“The sun of Venezuela rises in the Essequibo!” reads part of the Venezuelan military salute, but the presence of that State in this region is non-existent. Many Venezuelan immigrants live in the “green house”, a huge building abandoned by a Chinese company in Port Kaituma
“They insist that this is Venezuela, but it is Guyana”: Kimtse Kimo Castello was born in Port Kaituma, a small town in the disputed Essequibo region. But this hairdresser has no doubt about his name: “I always felt Guyanese”
That’s how he feels, that’s how he reaffirmed it in his education. Kimtse speaks English, the official language of the Essequibo, a 160,000 km2 region administered by Guyana, although its sovereignty has been in dispute with Venezuela for more than a century.
125,000 of the 800,000 inhabitants of this former English colony live here.
“The sun of Venezuela rises in the Essequibo!” reads part of the Venezuelan military salute, but the presence of that State in this region is non-existent.
Guyana defends a limit established in 1899 by an arbitration court in Paris, while Venezuela claims the Geneva Agreement, signed in 1966 with the United Kingdom before Guyanese independence, which established the basis for a negotiated solution and ignored the previous treaty.
But the Guyanese government is promoting a process in the International Court of Justice (ICJ) to ratify the current borders and put an end to the dispute.
The Essequibo is “100% Guyana,” the president of this small country that borders Venezuela, Brazil and Suriname tells AFP. “We are very clear where our borders are.”
Irony
The government of President Nicolás Maduro defends its request on the region and rejects the process in the ICJ. The slogan “The sun of Venezuela is born in the Essequibo” is repeated in schools and accompanies official documents.
In September, Maduro published photos of Kaieteur Falls, Guyana’s main attraction, which lies in the disputed region, along with a map of Venezuela that also included that area.
Guyanese responded with protest and demanded Facebook and Twitter to remove these “illegal and offensive posts”.
“This is Guyana, we have always spoken English,” says Andrew Bailey, a 33-year-old mechanic in Port Kaituma, a town of about 3,000 people. He believes that the insistence on claiming sovereignty responds to the gigantic oil reserves found in disputed waters.
“I have never felt Venezuelan,” Kimtse insisted. “We are friendly people, people who welcome anyone in the area. That is why you see so many Venezuelans, “emphasized this hairdresser.

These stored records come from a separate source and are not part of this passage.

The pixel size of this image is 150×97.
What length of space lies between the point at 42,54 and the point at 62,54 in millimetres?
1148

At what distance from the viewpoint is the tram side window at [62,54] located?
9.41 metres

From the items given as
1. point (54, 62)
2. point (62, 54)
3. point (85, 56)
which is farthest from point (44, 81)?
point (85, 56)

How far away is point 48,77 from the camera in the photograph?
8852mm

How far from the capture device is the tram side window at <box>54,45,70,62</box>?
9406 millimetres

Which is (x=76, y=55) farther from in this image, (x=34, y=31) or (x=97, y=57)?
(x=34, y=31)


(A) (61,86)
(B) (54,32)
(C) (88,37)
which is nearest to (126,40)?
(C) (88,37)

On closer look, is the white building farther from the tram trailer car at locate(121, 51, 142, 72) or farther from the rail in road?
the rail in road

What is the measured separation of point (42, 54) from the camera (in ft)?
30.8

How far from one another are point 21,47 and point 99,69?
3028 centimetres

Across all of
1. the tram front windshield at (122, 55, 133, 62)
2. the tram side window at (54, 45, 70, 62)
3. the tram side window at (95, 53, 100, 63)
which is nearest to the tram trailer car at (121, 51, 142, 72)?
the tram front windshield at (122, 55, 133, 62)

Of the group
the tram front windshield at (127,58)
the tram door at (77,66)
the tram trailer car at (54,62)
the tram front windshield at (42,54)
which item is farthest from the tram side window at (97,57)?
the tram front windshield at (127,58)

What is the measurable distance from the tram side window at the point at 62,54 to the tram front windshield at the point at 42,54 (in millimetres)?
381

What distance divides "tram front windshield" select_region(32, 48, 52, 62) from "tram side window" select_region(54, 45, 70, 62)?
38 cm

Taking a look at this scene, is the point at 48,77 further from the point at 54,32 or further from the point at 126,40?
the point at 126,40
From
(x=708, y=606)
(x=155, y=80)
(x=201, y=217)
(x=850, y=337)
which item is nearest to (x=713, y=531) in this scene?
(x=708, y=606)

Between 25,000 and 30,000 Venezuelan immigrants, according to the UN and the authorities respectively, fled the crisis in their country to try their luck in Guyana. Several thousand live in the Essequibo.
It is a kind of irony of history because until before the crisis, the Guyanese, who were among the poorest on the planet, were the ones who emigrated to Venezuela. Even those born in the Essequibo received nationality.

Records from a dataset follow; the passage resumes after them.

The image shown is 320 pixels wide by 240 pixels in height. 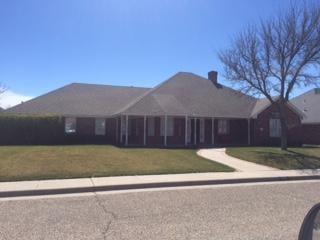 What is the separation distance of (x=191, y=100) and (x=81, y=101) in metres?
9.48

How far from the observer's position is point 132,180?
1316 centimetres

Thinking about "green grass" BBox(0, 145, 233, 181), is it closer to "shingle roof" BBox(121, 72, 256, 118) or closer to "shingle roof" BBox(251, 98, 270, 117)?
"shingle roof" BBox(121, 72, 256, 118)

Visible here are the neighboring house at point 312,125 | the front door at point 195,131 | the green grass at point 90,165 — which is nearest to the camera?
the green grass at point 90,165

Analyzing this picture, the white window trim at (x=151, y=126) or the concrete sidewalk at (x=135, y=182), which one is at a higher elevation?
the white window trim at (x=151, y=126)

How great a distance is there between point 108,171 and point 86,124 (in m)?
17.6

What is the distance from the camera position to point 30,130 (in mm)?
28125

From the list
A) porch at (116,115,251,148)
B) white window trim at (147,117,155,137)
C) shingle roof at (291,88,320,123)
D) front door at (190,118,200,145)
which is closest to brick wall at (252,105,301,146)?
porch at (116,115,251,148)

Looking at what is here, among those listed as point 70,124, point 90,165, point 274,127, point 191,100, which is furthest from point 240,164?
point 70,124

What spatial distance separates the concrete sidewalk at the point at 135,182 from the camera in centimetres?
Answer: 1138

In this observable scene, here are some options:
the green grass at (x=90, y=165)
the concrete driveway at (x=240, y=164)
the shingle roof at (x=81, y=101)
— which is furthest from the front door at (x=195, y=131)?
the green grass at (x=90, y=165)

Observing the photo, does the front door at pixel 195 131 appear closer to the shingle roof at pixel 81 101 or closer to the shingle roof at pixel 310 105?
the shingle roof at pixel 81 101

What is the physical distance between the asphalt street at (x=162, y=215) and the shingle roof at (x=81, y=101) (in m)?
21.7

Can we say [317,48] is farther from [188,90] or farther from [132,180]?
[132,180]

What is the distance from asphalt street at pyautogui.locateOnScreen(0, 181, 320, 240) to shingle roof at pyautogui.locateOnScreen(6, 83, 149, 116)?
2170cm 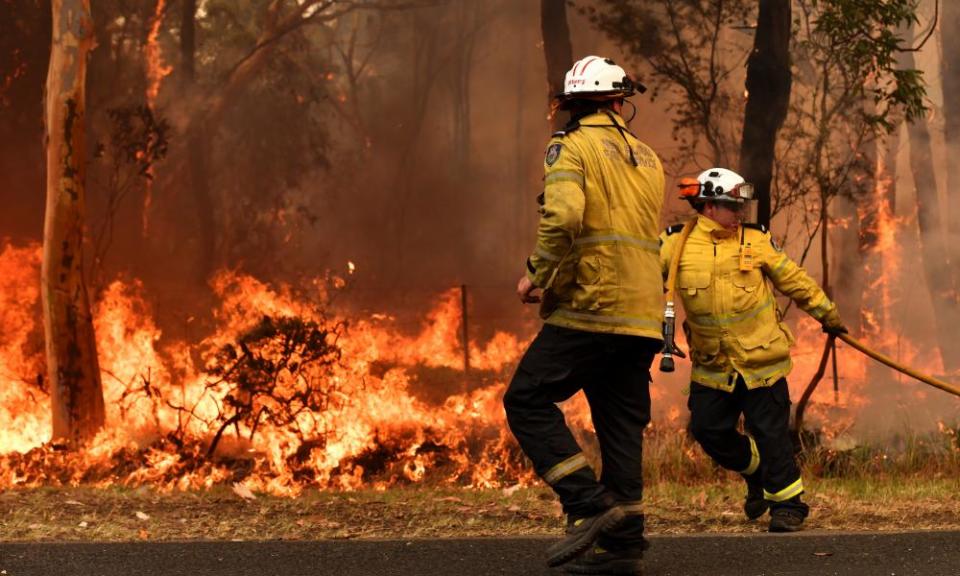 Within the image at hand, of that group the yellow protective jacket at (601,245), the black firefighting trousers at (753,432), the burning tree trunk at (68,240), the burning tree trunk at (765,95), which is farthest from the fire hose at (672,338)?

Paul Small (52) has, for example, both nationalities: he lived in Venezuela as a child and returned to his native country with his family to work as a painter, laborer, and janitor. “There is work and the money yields more,” he maintains.
abuses
Many Venezuelan immigrants live in the “green house”, a huge building abandoned by a Chinese company in Port Kaituma.

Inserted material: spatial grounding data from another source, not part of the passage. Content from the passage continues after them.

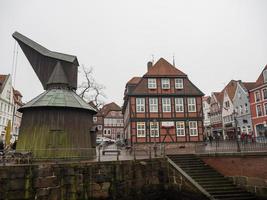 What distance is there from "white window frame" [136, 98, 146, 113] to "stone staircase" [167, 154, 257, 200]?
12839 millimetres

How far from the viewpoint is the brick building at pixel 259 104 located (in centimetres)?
3116

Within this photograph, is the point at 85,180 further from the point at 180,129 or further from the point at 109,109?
the point at 109,109

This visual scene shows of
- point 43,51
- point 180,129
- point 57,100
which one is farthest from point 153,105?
point 43,51

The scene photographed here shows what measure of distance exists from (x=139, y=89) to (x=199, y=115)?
8.55 m

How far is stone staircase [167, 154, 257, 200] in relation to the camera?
499 inches

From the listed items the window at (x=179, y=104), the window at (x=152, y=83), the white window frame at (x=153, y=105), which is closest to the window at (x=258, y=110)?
the window at (x=179, y=104)

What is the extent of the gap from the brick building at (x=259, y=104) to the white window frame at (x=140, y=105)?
17.3 m

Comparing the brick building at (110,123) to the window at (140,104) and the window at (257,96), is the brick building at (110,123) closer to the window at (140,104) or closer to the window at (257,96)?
the window at (140,104)

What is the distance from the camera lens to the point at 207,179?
13.6 m

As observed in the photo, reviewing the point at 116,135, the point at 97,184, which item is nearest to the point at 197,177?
the point at 97,184

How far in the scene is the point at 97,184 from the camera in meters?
12.3

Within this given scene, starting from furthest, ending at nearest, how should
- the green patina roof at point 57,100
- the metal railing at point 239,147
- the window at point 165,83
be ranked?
the window at point 165,83
the green patina roof at point 57,100
the metal railing at point 239,147

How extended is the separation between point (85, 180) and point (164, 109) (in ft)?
59.0

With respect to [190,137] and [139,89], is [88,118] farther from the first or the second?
[190,137] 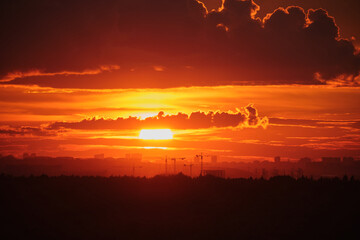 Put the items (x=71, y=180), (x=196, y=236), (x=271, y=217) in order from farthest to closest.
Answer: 1. (x=71, y=180)
2. (x=271, y=217)
3. (x=196, y=236)

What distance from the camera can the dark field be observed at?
7331cm


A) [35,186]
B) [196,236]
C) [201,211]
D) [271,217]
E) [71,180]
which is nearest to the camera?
[196,236]

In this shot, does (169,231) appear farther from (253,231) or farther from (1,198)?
(1,198)

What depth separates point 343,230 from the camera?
2862 inches

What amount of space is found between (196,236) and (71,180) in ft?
117

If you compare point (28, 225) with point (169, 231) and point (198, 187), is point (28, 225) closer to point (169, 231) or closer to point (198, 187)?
point (169, 231)

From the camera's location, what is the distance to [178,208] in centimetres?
8538

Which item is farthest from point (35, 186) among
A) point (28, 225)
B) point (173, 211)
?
point (173, 211)

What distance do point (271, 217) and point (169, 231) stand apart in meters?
15.2

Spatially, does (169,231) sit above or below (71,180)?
below

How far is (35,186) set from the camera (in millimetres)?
92188

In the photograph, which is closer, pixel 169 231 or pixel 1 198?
pixel 169 231

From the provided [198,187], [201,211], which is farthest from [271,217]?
[198,187]

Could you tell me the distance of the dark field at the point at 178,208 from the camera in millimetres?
73312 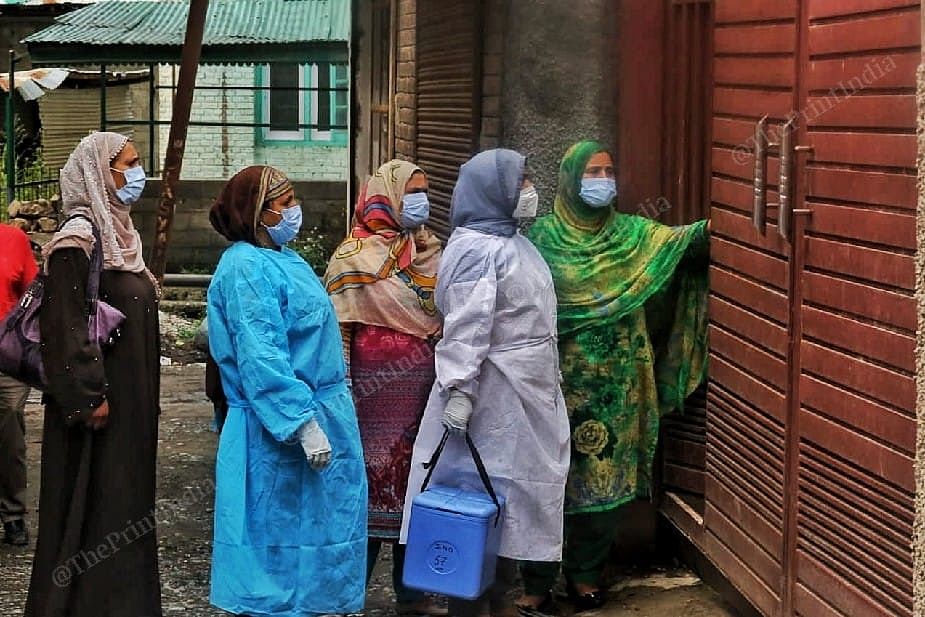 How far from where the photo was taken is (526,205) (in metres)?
5.24

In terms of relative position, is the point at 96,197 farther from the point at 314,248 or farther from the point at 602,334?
the point at 314,248

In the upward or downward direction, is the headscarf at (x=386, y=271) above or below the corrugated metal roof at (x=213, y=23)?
below

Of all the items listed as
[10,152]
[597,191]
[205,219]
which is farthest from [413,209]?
[10,152]

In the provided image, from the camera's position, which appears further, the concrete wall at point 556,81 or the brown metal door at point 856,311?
the concrete wall at point 556,81

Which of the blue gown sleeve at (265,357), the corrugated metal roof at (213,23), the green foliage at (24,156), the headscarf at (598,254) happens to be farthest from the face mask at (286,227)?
the green foliage at (24,156)

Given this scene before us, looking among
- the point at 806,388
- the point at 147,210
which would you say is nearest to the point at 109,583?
the point at 806,388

Anneris Valenzuela, 23, left Tucupita (Delta Amacuro, east) with her husband and three children. “We had nothing. We had no way to support the children. It became easier for us to go to Guyana », she says.
Her husband works as a day laborer where he can get it. “Life is better than in Venezuela, but quite hard”: there is no electricity and the water comes intermittently. Some rely on the rain they collect in cans, pots and plastic containers.
Alexis Zapata, 47, lives with seven members of his family in two rooms in the “green house,” where only hammocks hang. “We get ready to eat every day, even if we don’t work all the time,” he told AFP.
He arrived in Port Kaituma in 2021, also from Delta Amacuro, one of the poorest regions in Venezuela and the scene of numerous tragedies of migrants drowning in the ocean trying to reach Trinidad and Tobago.
Alexis chose Guyana precisely because there were no boats to take, smugglers to pay, or police to avoid.
He works unloading ships in the town’s port. They pay him a percentage of the value of the merchandise, although he receives “less than the Guyanese,” who take advantage of his need and his poor English.
Earn between 5 and 15 dollar cents with each download: “Better than in Venezuela,” he says.